Sfilata di partigiani (foto Olycom) 

Bandiera Bianca

Anche "Bella ciao" ha la sua cancel culture

Antonio Gurrado

La decontestualizzazione del canto partigiano ha finito per svilirne la portata semantica. A pochi giorni dal 25 aprile, è stato definito "divisivo" dal sindaco di un paese del Mantovano, che ha chiesto di non farla cantare ai bambini. Al suo posto? "Va Pensiero"

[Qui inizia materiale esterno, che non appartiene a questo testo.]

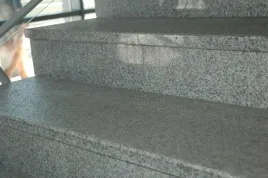 parapet-stopnica-granitowa-szara-szlifowana-g603-150x33x2-cm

E così “Bella ciao” è divisiva, almeno stando alla motivazione con cui il sindaco di un paesino del Mantovano ha chiesto alla scuola locale di non farla cantare ai bambini durante la cerimonia per la Liberazione. Sintetizzando, dunque, possiamo individuare un percorso siffatto: affermatasi nell’ambito di un contesto storico-ideologico ben definito, la canzone si è via via svincolata dal proprio significato letterale per assumerne uno più vasto e metaforico (ad esempio quando Michele Santoro l’ha cantata in diretta nel mezzo di uno studio televisivo attonito) e di lì ha intrapreso una repentina discesa verso la commercializzazione decontestualizzata, che l’ha resa hit da serie tv (“La casa di carta”) e paccottiglia da merchandising (le conseguenti magliette con “Bella ciao” stampato sotto la maschera di Dalì).

 

Ergo, così deprivata di senso e contesto, la canzone è arrivata sulle labbra di bambini inconsapevoli grazie all’impegno di maestri volenterosi che ne hanno conservato la musica sostituendo però alle parole un testo inglese di generico ambientalismo; se non che, ta-dàm, il contenuto storico-ideologico è stato ripescato in un agone politico che impone di fatto uno dei seguenti provvedimenti alternativi: la sostituzione della canzone con un’altra meno divisiva; l’individuazione di una canzone di segno opposto da cantarsi come contrappeso; l’eliminazione tout court dell’esibizione canora e fors’anche della cerimonia. Insomma, a “Bella ciao” è capitata la stessa sventura che già era toccata, che so, a “Tu scendi dalle stelle”; ed è interessante vedere oggi il 25 aprile trattato alla stregua di un qualsiasi 25 dicembre.